Vortographs: The Geometrical Fragmentation of Reality
With his vortographs, Alvin Langdon Coburn was one of the fathers of modern photography.
As with the majority of the artistic movements of the 20th century, vorticism was an impetuous one destined to change the esthetic and social order of the time. The term vortex, probably inspired by the futurist Boccioni, referred to the whirlwind of emotions and expressive power that the artists attempted to unleash in their works.
Reality made its appearance in vorticist works transformed by the whirlwind of subjectivity: architecture, objects, portraits; all was altered by entering into contact with the fractal eye of the vorticists. Wyndham Lewis, the principal founder of the movement together with the poet Ezra Pound, gathered powers such as T.S. Eliot and artists such as Gaudier Brzeska and Rebecca West with the magazine Blast. Vorticism was the only, and short-lived, artistic avant-garde that emerged from England.

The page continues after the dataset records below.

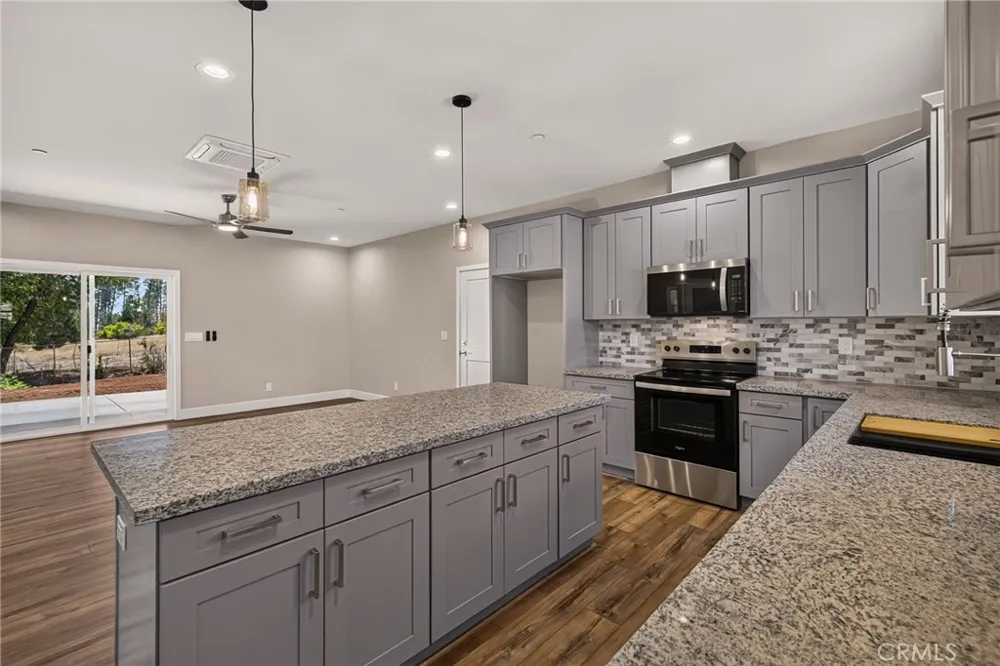 1604 Rowyn Paradise, CA 95969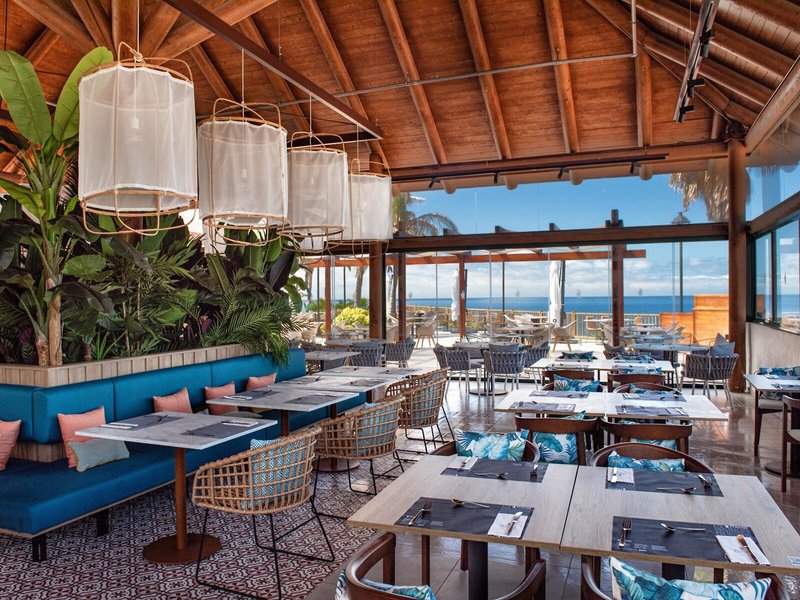 La Palma & Teneguia Princess 24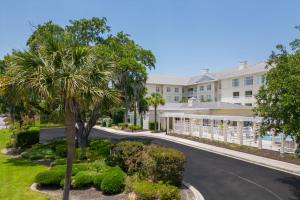 uma rua vazia em frente a um grande edifício em Residence Inn Charleston Riverview em Charleston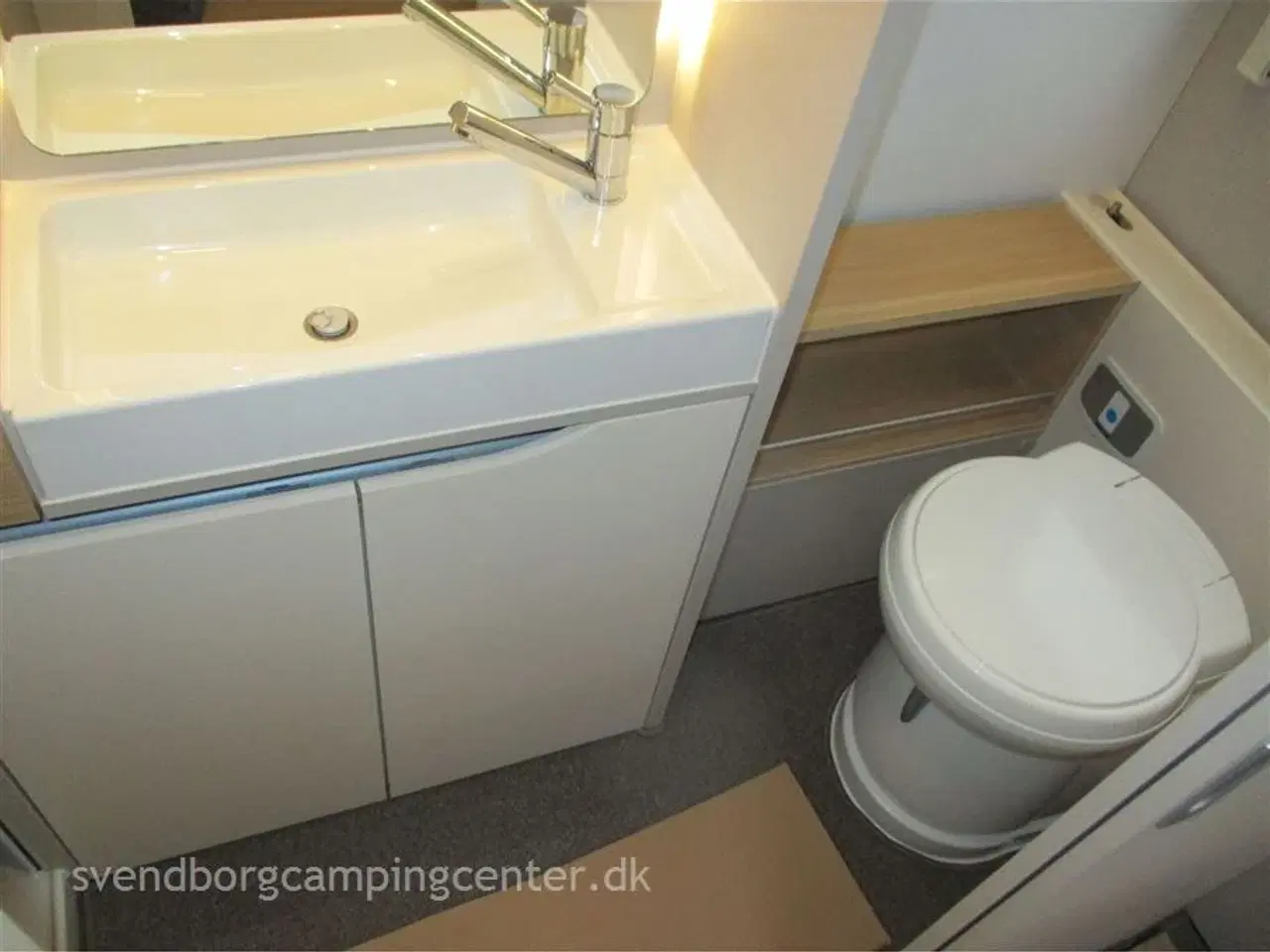 Billede 11 - 2021 - Adria Adora 613 UT Alde Centralvarme Alde centralvarme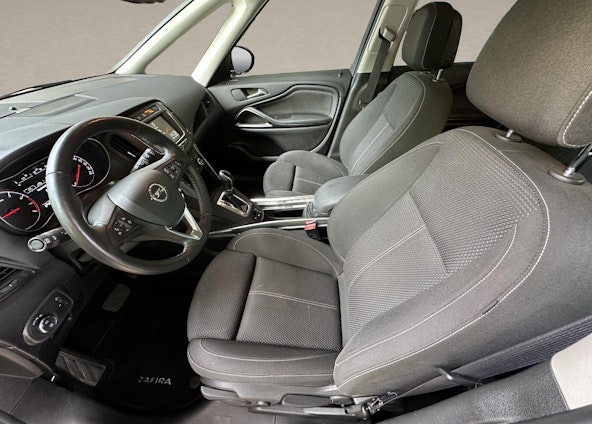 Vehicle image 13 Vehicle image 13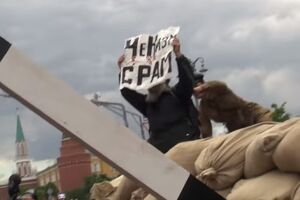 Реконструктор у формі НКВС намагається схопити протестувальника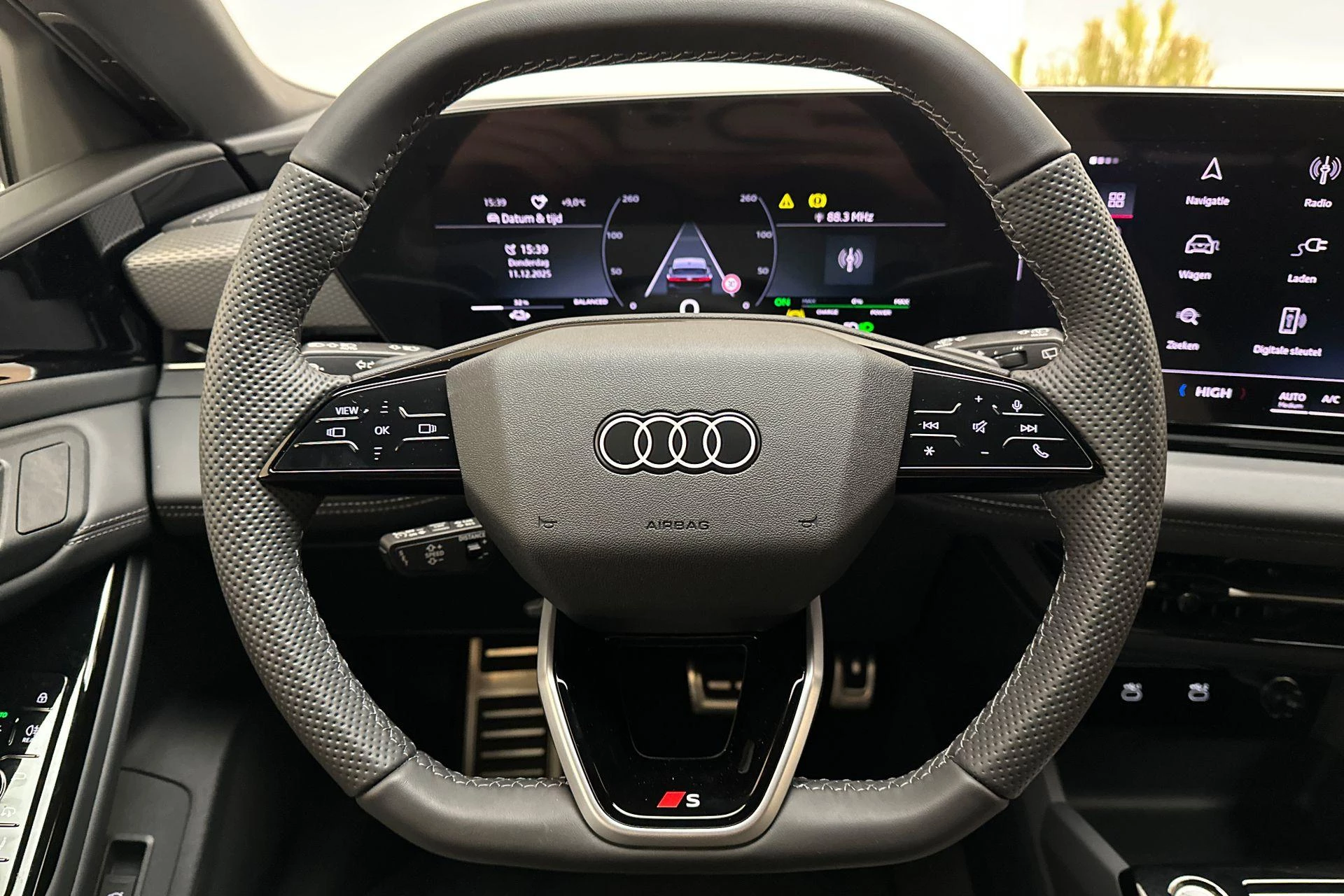 Hoofdafbeelding Audi A6 Avant e-tron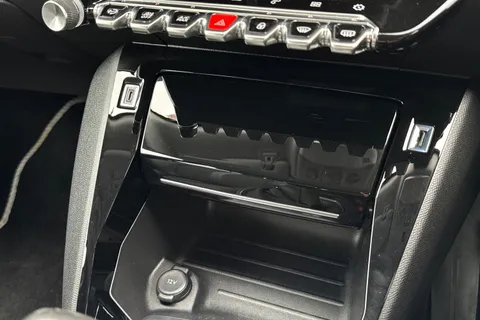 BG20KKT PEUGEOT 2008 1.2 PureTech Allure Premium Euro 6 (s/s) 5dr Thumbnail #56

When Boston-born Alvin Langdon Coburn arrived in England his fame as a landscape and portrait photographer was fully consolidated. He started his career early, receiving a Kodak camera for his eighth birthday. Once in London, the indisputable center of artistic activity of the time, his talent would make him one of the most outstanding photographers of the late 19th century.

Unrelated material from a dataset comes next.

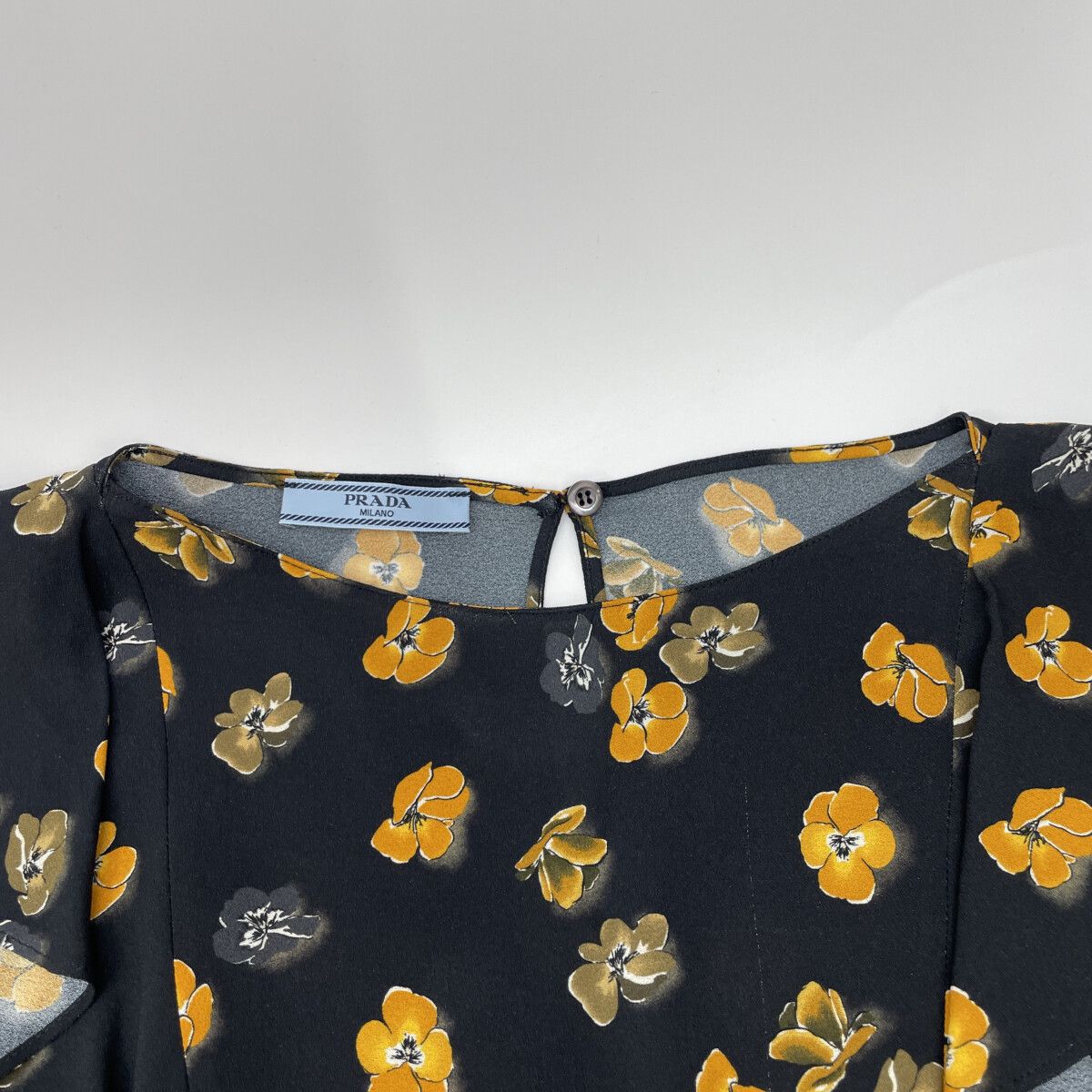 Prada Black Flower Print Ruffle Sleeve Blouse 38 — view 5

But it was the overwhelming inertia at the forefront of artistic movements that pushed Coburn to produce his riskiest and most visionary works. Contact with cubism and futurism made him feel the need to give a free rein to his expression. In vorticism, the product of cubism and futurism, Coburn found the perfect medium to free himself from his formal anxieties and step away from the already decadent pictorial tradition.
Langdon Coburn’s vortographs were the result of his close collaboration with Ezra Pound. With the support of the poet, Coburn developed an apparatus called a vortoscope. Using a set of mirrors, the apparatus fragmented reality in the same way as the paintings of Wyndham Lewis. The resulting images hold great expressive power in which reality is altered to suit the internal needs of the artist, and of their personal vortex. Like a mineral structure, objects acquire a geometric and kaleidoscopic appearance, almost completely erasing the forms of the original image.
Coburn placed himself at the forefront of the photographic avant-garde with his vortographs. At the outbreak of World War I he abandoned his experiments and retired to a monastery. The vorticist movement disappeared after three years of ephemeral existence and reality imposed itself en bloc.